今日の遅刻がいい証拠だ。君自身が、いまのやり方を選んだのだろう? 自助努力をもっとしなさい」
「……申し訳ありません。以後、努力します」
結は頭を下げながら、ひそかに息を吐く。
「しかし申し訳ありません、ただ持っておいていただくだけでいいんです。後ほど、神主さんにご報告、ご相談して頂いて構いませんので」
神主に面談の時間さえ割いてさえもらえなかったのだ。校長の口から現状が伝わるのであれば、逆にありがたいとさえ感じられた。
「受け取るだけで構わないんだな?」
「はい」
校長が渋々手を差し出し、その上に結が御守りをそっと置く。しかし御守りは、すぐさまテーブルの上に置かれてしまった。
大丈夫、危機的状況に陥らなければ良いだけだ、と結は思う。そうすれば、この御守りは意味を成さないし、問題は無い。
「ところで君、きちんと貞操は守っているんだろうね?」
校長の視線が、結の胸の辺りに吸い付くように止まった。
まただ。結は苛立つ。術に関する話は嫌がるのに、結との会話の終わりには必ず、このような系統のネタを振ってくる。

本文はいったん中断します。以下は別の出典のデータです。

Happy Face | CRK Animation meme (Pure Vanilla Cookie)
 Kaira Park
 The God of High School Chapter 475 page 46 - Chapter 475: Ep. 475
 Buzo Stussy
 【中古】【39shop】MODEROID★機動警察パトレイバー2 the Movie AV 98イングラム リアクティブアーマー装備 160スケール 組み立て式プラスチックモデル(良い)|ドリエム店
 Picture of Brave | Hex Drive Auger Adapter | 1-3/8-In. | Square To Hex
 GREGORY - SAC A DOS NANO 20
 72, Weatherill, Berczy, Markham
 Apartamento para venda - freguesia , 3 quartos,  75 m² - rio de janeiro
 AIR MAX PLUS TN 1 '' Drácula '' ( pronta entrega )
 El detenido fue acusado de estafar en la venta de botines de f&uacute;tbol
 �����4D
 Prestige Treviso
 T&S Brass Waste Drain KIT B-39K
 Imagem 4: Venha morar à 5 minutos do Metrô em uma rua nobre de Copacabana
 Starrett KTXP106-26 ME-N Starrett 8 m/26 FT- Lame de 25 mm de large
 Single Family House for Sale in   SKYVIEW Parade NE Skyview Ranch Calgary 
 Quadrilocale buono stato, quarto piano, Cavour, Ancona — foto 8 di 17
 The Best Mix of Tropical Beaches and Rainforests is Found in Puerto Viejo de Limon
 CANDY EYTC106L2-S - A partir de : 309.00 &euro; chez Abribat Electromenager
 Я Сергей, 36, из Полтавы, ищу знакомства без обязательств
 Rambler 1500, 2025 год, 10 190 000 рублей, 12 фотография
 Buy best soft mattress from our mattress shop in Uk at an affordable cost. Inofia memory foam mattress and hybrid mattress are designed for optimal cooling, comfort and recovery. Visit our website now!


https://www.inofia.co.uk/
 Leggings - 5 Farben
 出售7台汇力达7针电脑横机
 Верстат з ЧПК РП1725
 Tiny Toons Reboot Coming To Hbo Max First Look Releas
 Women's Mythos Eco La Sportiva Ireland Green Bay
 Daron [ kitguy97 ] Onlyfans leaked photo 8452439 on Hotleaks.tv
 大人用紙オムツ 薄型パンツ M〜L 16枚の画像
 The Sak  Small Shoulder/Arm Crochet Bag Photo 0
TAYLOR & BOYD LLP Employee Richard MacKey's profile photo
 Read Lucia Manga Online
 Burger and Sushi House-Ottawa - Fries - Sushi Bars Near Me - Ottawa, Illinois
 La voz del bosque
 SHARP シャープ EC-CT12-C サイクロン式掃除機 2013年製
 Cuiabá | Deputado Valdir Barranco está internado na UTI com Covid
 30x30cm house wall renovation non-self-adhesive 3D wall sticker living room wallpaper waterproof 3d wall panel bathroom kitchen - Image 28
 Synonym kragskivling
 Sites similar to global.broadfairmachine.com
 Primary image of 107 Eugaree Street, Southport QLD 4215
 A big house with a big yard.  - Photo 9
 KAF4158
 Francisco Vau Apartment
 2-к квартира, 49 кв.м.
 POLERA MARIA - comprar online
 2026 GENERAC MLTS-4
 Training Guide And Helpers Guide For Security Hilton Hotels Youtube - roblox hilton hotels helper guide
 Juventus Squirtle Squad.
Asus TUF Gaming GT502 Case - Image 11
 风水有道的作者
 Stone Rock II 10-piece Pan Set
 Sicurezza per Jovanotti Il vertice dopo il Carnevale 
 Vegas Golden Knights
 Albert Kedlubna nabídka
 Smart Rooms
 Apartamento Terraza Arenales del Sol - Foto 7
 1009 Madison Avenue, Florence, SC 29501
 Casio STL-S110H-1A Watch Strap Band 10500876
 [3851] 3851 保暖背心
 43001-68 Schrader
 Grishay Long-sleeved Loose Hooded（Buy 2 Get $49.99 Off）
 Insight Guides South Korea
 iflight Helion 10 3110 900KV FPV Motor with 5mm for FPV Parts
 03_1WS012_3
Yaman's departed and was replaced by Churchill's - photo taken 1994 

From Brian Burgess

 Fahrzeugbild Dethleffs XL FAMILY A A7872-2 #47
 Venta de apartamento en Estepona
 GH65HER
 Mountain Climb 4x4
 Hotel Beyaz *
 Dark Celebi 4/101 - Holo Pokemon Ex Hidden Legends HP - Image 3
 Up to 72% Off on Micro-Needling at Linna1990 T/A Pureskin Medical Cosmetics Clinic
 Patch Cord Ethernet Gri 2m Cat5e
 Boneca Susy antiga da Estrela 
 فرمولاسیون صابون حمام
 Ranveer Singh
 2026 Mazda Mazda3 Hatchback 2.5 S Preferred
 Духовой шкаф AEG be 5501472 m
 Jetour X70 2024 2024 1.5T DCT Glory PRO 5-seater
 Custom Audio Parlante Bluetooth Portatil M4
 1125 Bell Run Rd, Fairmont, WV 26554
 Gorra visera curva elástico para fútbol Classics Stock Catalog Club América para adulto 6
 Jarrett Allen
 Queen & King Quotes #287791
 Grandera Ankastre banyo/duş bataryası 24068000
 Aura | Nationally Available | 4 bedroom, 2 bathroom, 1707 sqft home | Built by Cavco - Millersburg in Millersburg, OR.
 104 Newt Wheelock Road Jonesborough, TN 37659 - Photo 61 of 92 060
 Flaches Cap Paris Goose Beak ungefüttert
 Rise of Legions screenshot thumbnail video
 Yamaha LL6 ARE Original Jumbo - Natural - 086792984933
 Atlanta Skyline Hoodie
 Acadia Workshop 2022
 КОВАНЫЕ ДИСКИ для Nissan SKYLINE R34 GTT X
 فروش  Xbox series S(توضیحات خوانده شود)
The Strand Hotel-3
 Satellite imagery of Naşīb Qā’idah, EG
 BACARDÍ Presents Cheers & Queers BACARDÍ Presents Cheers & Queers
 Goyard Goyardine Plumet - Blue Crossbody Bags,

「常に心身共に清らか、処女であることに間違いないな?」
ん? と首を傾げ、全く悪気が無さそうに尋ねてくるが、身体中を舐め回すような視線に、結は怖気立つ。
「神主の代わりに確認してやっているんだ、返事は?」
「……はい」
「よろしい」
平静を装い、校長室を退出した後、結は足早にトイレへ駆け込み、蛇口をひねって手を洗う。
気持ち悪い。
最後の質問こそ、どういう立場で、何の権利があって言ってきているのか。術の話はするな、自分は一般人だぞとあれほど拒むのに。
気持ち悪い。
どうにかして逃れたい、でもこの職場からは逃げられない。何か、何か解決策が……
『恋をしてはダメ、結。誰とも、しちゃダメ』
「――先生、都司先生?」
結はびくりと肩を揺らす。結と同じく、一年生の副担任をしている鷹乃が真後ろに立っていた。
「もう充分手は洗えたのでは? 水がもったいないですよ」
「……すみません」
「都司先生って、いつも校長先生と何の話をされていらっしゃるんです?」
放課後、教員らが職員室に戻ってくる時間帯。午前の出来事以降、何事も起こらず通常業務をこなせていたので、すっかり気の緩んでいた結は、呼びかけてきた相手の方向へ思い切り振り向いてしまった。
椅子ごと結に近寄ってきた相手は、隣の机の島、結とはいつも背中合わせに座っている、普段あまり接点のない三年生担任の女性教員だった。満面の笑みを浮かべ、さらに椅子を結に近づける。
「吉野先生……」
「怒られてる訳じゃないですよね、ご自身で行ってますもんね?」
「いや、あの」
他の教員達からの視線が集中している。身じろぎをすると、吉野は結の耳に口を近づけた。
「私、恋バナとか好きなんですよ。もし良かったら」
「ダメですよ都司先生!」
三年生学年主任の武林だった。
「ご存知かと思いますけど、校長先生は既婚者ですよ。不倫は自由恋愛とは違いますからね、更に貴女は子ども達を導く立場にいるんです、きちんと立場を自覚してわきまえなさい!
いいですか都司先生。若い女性だからこそ、行動を慎むべきです。貴女のために言ってるんですよ?」
吉野先生すら一応気を遣って小さい声で言っていたのにとか、何故不倫が前提なのかとか、頭をよぎるが何も言えない。
「大体なんですかその格好は! 特に貴女のような若い女の先生がパンツスーツを履くのは遠慮しなさいと何度もお話ししたでしょう!
生徒達に年齢が近いんですから、模範を示すためにもあれほどスカートにしなさいと言っているのに、私の忠告を無視ですか?」
吉野は武林のもの凄い剣幕に黙り込み、そっとその場から離れて行った。こちらを見ていた他の教員達も、それぞれ移動を始める。
「都司先生、お返事は? 小学校の児童でも、お返事くらいはしますよ!」
「……はい、申し訳、ありません」
全くこれだから若い女性は、と呟きながら、武林は自分の席に戻って行った。
皆の意識が逸らされてもなお残る空気に、結はいたたまれなくなった。
いつもなら、職員室で書類の作成等を行いながら人気が無くなるのを待つのだが、結は居残りを諦め、教材をひとまとめにして、ボストンバッグに入れる。机の上に置いていた携帯の画面をチラリと見ると、また着信が入っていた。
構わずボストンバックに入れる。かなり重くなったバッグを、なんとか肩にかけた。
ポン、とその上に手が置かれた。
「……田嶋先生」
「気にしないことですよ、都司先生。特に郡司先生は若くてかわいい女性の新人さんだから、ちょっと注目が集まってるだけです。後輩が入れば、そっちに興味は移りますから。私の時もそうでしたし」
結のクラス担任の田嶋だった。結は、
「――お先に失礼します」
会釈をしてバッグを掴み取って、逃げるように職員室を後にした。